Exercise objective |
Could you transcribe exactly the lines from the one containing "NEW Polly Pocket" through the last line of the records below, leaving out the pictures?

Records supplied |
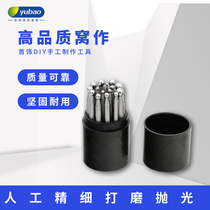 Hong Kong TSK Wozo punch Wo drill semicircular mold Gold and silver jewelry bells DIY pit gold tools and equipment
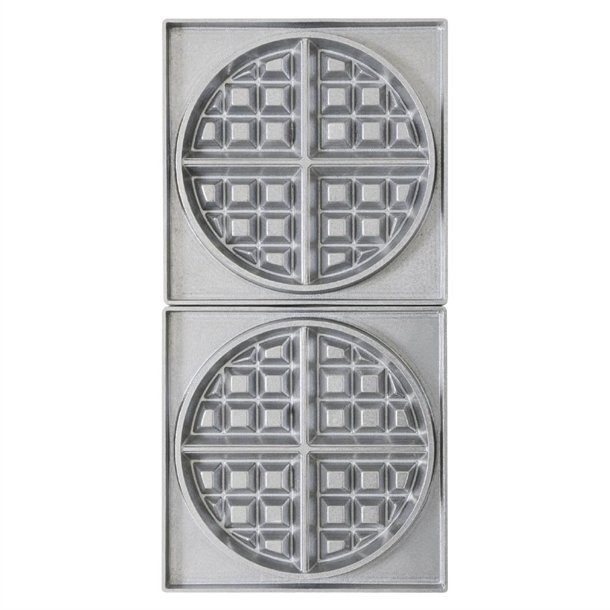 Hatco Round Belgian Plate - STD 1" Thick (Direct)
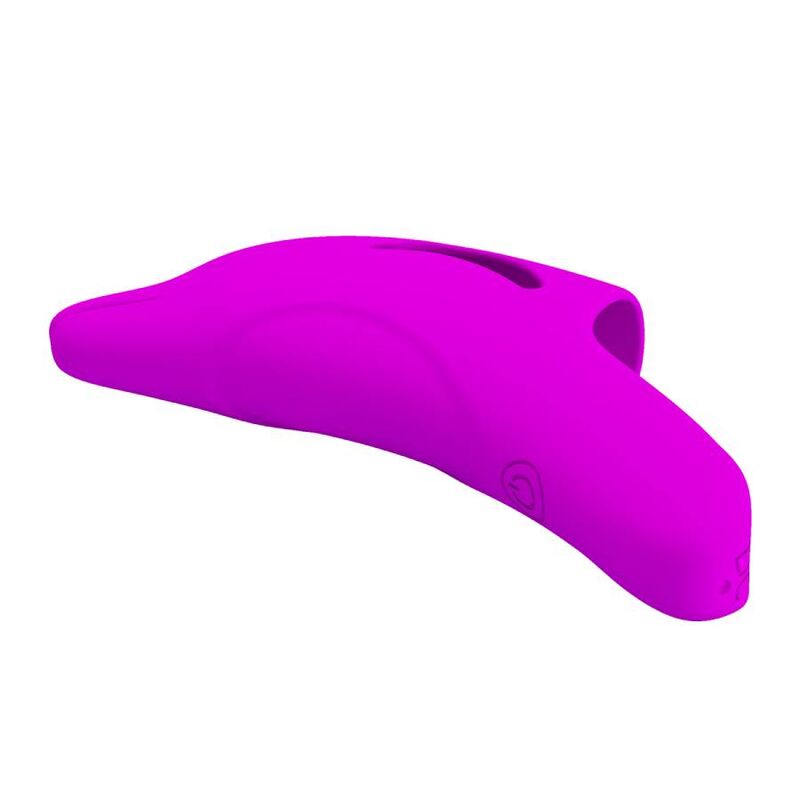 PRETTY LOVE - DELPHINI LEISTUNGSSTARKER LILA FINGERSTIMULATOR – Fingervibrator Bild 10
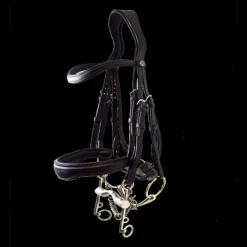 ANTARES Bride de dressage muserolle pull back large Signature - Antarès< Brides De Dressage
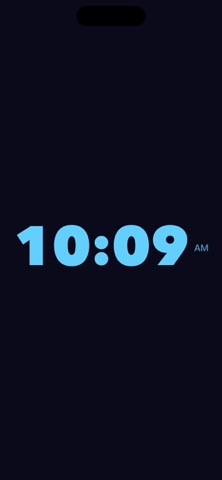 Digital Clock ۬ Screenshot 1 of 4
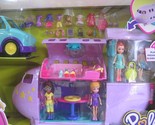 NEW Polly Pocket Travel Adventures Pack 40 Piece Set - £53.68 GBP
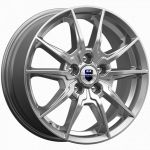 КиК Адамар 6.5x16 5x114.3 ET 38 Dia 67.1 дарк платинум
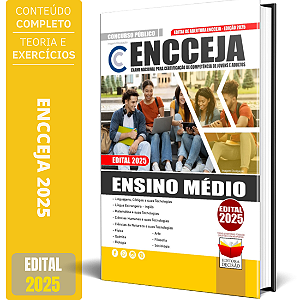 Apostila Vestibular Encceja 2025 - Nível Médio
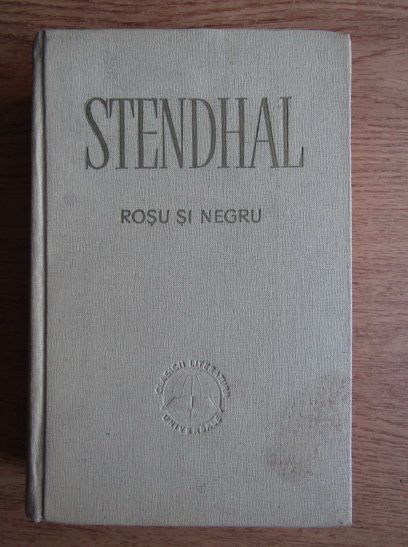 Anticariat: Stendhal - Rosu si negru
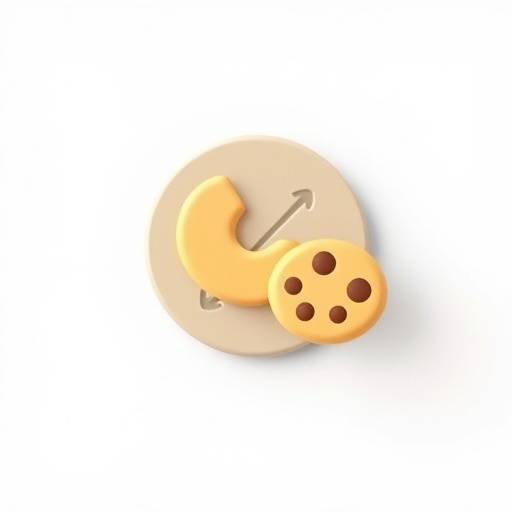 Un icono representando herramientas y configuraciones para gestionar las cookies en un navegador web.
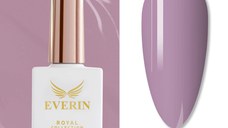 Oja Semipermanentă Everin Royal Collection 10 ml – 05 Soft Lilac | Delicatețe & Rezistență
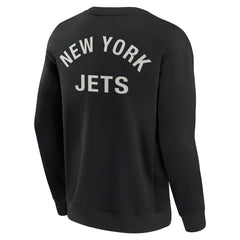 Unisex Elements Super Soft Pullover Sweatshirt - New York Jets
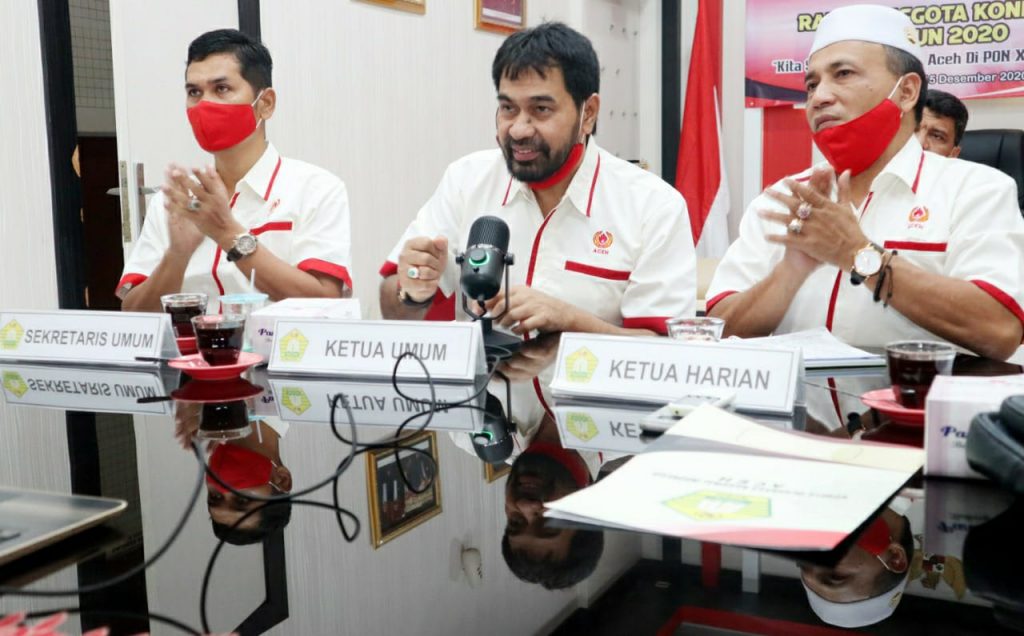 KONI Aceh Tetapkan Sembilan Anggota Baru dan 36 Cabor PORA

Expected output |
 NEW Polly Pocket Travel Adventures Pack 40 Piece Set - £53.68 GBP
 КиК Адамар 6.5x16 5x114.3 ET 38 Dia 67.1 дарк платинум
 Apostila Vestibular Encceja 2025 - Nível Médio
 Anticariat: Stendhal - Rosu si negru
 Un icono representando herramientas y configuraciones para gestionar las cookies en un navegador web.
 Oja Semipermanentă Everin Royal Collection 10 ml – 05 Soft Lilac | Delicatețe & Rezistență
 Unisex Elements Super Soft Pullover Sweatshirt - New York Jets
 KONI Aceh Tetapkan Sembilan Anggota Baru dan 36 Cabor PORA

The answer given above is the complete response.